The Hutchinson News, on conservation pioneer.
Jan Garton's life story perfectly illustrates how one person can make a difference.
Garton, well known in Kansas for her conservation and Audubon efforts, died earlier this week in Manhattan. Though she hailed from eastern Kansas, those of us living in central and south-central Kansas are the beneficiaries of her efforts. Garton worked tirelessly and successfully in the 1980s to save and improve what eventually became a national treasure for birds and people -- Cheyenne Bottoms near Great Bend.
In the mid 1980s the wetlands -- the Central Flyway for migrating birds -- was drying up.
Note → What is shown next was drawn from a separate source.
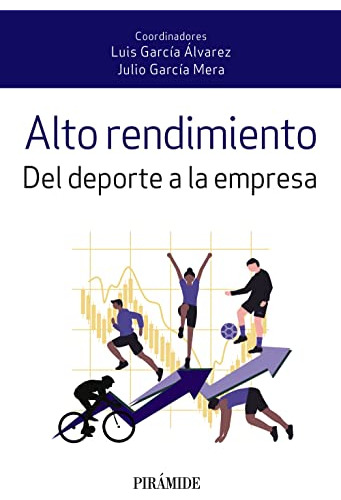 Libro Alto Rendimiento. Del Deporte A La Empresa De Julio Ga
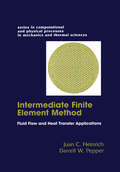 The Intermediate Finite Element Method: Fluid Flow And Heat Transfer Applications (Series In Computational Methods And Physical Processes In Mechanics And Thermal Sciences Ser.)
It looked as though state officials were going to do little to prevent what could be deemed a wildlife catastrophe ...
But it is worth repeating the words of Ron Klataske, executive director of Audubon of Kansas.
"Jan was the hardest-driving conservationist," he said. "She pushed the idea that this was unacceptable and that the governor, the state Legislature, Kansas Wildlife and Parks, and other entities had to be mobilized to re-create a vision for the Cheyenne Bottoms."
And what a vision of natural beauty Cheyenne Bottoms became. Development of the wetlands never faltered after Garton and other conservationists made Cheyenne Bottoms their life's work ...
Garton's work shows one person can make a significant difference. Her endless supply of passion turned a neglected and dying wildlife habitat into a sparkling and precious gem on the Kansas prairie.